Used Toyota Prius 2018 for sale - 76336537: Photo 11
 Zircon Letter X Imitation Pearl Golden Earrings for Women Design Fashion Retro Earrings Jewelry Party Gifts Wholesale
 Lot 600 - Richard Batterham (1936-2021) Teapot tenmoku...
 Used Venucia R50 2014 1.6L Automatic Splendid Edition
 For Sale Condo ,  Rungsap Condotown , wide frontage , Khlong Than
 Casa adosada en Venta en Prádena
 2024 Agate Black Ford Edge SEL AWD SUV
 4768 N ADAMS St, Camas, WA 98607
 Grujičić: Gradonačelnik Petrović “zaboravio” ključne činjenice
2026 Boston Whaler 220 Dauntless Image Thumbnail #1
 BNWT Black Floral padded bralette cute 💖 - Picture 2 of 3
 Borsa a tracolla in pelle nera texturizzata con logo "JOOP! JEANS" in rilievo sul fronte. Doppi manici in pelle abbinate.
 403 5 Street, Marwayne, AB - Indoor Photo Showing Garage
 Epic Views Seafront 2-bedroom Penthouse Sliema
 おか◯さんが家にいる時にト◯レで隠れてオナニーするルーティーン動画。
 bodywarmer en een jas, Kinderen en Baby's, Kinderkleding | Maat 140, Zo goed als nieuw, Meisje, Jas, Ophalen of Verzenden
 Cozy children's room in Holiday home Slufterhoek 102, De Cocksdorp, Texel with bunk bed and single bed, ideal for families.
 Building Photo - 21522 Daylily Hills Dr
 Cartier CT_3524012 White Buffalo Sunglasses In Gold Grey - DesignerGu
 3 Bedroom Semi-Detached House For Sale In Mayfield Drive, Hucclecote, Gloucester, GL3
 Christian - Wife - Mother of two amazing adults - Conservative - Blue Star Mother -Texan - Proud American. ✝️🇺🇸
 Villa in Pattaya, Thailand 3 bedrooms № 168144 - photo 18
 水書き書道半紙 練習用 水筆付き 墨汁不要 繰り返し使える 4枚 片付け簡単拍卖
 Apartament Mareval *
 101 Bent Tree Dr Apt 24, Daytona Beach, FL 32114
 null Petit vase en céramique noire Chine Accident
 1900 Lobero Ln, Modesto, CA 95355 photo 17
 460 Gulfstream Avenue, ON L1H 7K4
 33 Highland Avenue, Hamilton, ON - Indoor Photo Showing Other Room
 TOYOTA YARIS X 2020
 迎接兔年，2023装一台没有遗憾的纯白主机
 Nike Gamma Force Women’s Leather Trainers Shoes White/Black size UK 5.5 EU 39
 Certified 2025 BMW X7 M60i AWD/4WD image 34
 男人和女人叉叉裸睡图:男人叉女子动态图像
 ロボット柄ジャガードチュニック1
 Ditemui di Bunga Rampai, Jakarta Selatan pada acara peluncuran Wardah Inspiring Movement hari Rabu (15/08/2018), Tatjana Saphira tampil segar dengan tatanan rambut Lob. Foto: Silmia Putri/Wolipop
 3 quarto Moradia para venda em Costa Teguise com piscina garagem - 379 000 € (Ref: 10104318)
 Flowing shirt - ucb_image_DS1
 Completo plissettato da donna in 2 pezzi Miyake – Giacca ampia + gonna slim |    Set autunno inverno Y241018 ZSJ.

★ ★ ★

**PROBLEM**: Copy each line of the records that has "Used" in it.

**ANSWER FOR THIS EXERCISE**:
Used Toyota Prius 2018 for sale - 76336537: Photo 11
 Used Venucia R50 2014 1.6L Automatic Splendid Edition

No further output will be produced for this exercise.